Supplied material:
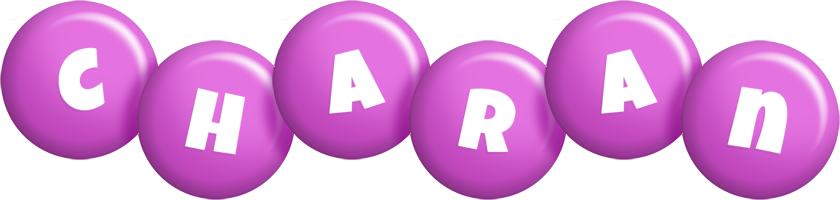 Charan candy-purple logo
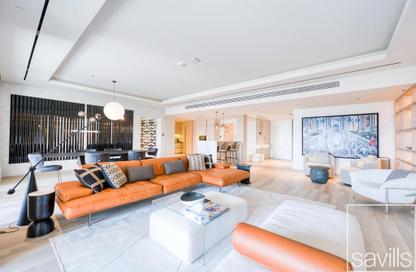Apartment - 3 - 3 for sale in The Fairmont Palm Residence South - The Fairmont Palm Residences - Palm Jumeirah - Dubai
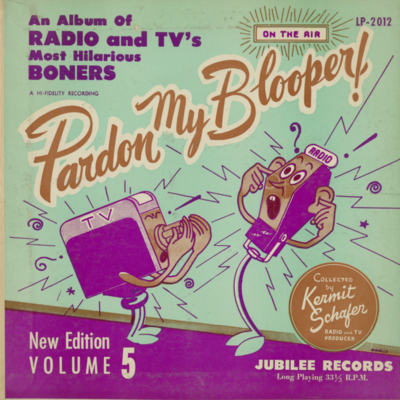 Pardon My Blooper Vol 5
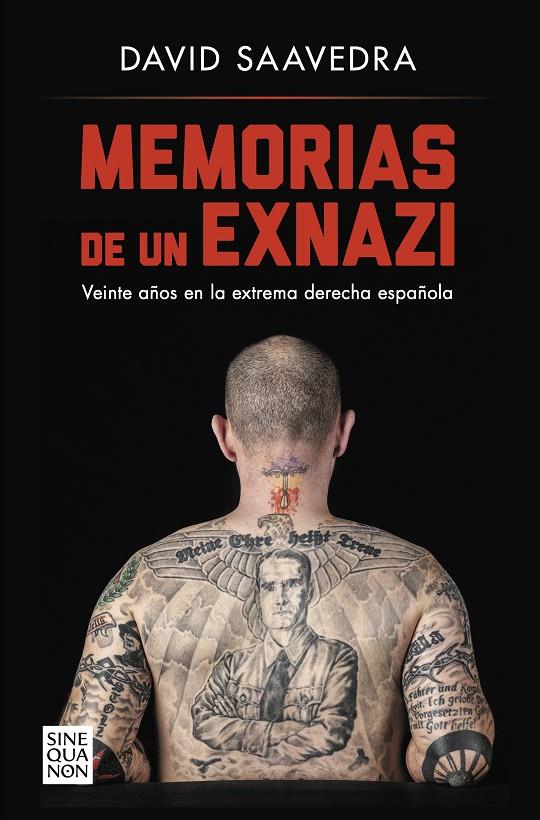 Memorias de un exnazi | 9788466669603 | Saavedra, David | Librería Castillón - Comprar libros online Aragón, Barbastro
---
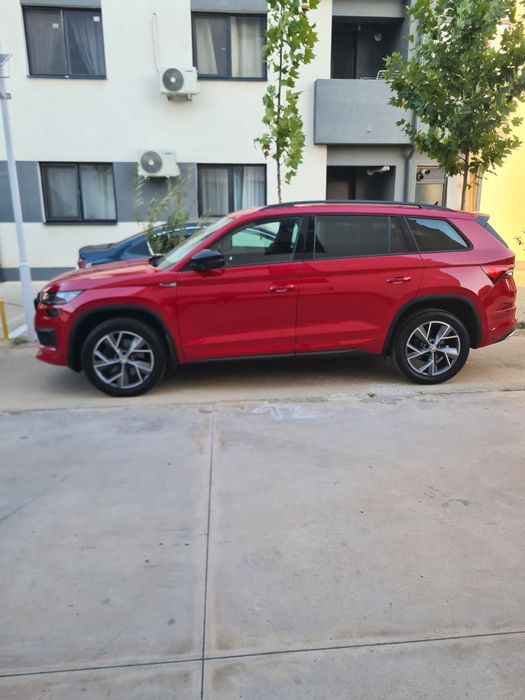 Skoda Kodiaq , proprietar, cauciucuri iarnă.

Exercise:
Copy word for word the span of the records above that begins at the line with "Apartment - 3" and ends at the line with "Memorias de un", including those two lines but not the pictures.

Expected answer:
Apartment - 3 - 3 for sale in The Fairmont Palm Residence South - The Fairmont Palm Residences - Palm Jumeirah - Dubai
 Pardon My Blooper Vol 5
 Memorias de un exnazi | 9788466669603 | Saavedra, David | Librería Castillón - Comprar libros online Aragón, Barbastro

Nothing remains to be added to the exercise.